Let’s be clear on something: I may have expensive tastes – but following through on them is the exception rather than the rule. There are only a few times in my life where I’ve thrown caution (and knowledge of my Visa balance) to the wind and decided to splurge on something.
Usually, this abnormally irresponsible behaviour is triggered by two things – falling head over heels in love with something and being able to justify it as an investment piece.
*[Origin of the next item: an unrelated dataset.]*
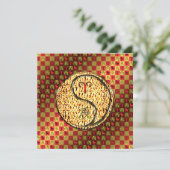 Aries & Feuerdrache Karte (Stehend Vorderseite)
Case in point: the Hermès carré.
At the end of my first Parisien sejour, I thought that I should be getting a souvenir that was more valuable than the bits and bobs sold along the Seine. My souvenir should conjour up all of the wonderful memories of that month I spent sitting in cafés and walking the dog in the Luxembourg Gardens, and it should be something that I would enjoy for years to come.
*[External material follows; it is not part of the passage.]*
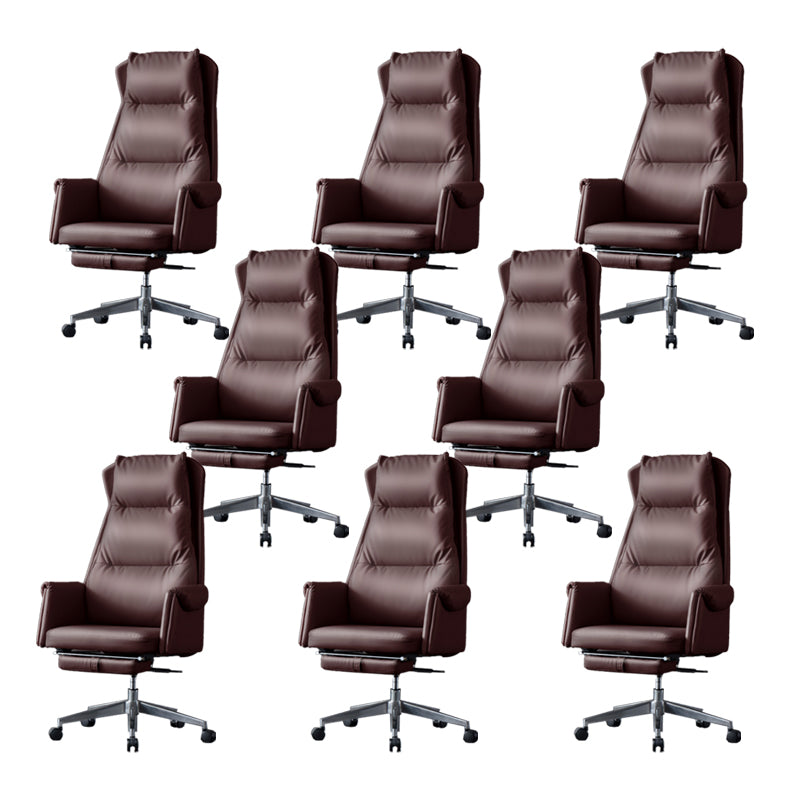 Contemporary Leather Executive Chair Swivel Managers Chair for Office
Convincing myself that a carré fit the bill was easy – but the bill itself took some work. I recall my first reaction being “They want how much for what?!”. But that was before heading to the Faubourg St. Honoré and seeing the scarves in person. The artistry and the craftsmanship won me over. The weight of the silk is, simply put, divine.
I decided on the ‘Vif Argent’ pattern from the Summer 2011 collection because I think it’s a modern classic. The colour scheme of navy and red will go with a lot of my wardrobe, and as I age, the scarf will still be wearable. It also doesn’t scream out its collection year the way some others may – it will be timeless. The printed silk is made to look as though the red is dripping metal – it’s mercury-esque.
Since my return I’ve been pleasantly surprised at how often I wear it. I’d guess that it makes an appearance about once a month. I try to change the way I wear it each time and there are tonnes of great tutorials on the internet about how to wear a carré. I’m not going to attempt a halter-top with it just yet, as I’m sure that goes against the office dress code…
My two favourite ways to wear it are:
A loose windsor knot, with a rather wide band helps show off portions of the central pattern as well as the end details
After folding the scarf into a triangle, I twist the ends of the scarf before tying them behind my neck. I like the way it creates a rolled edge to the bandana.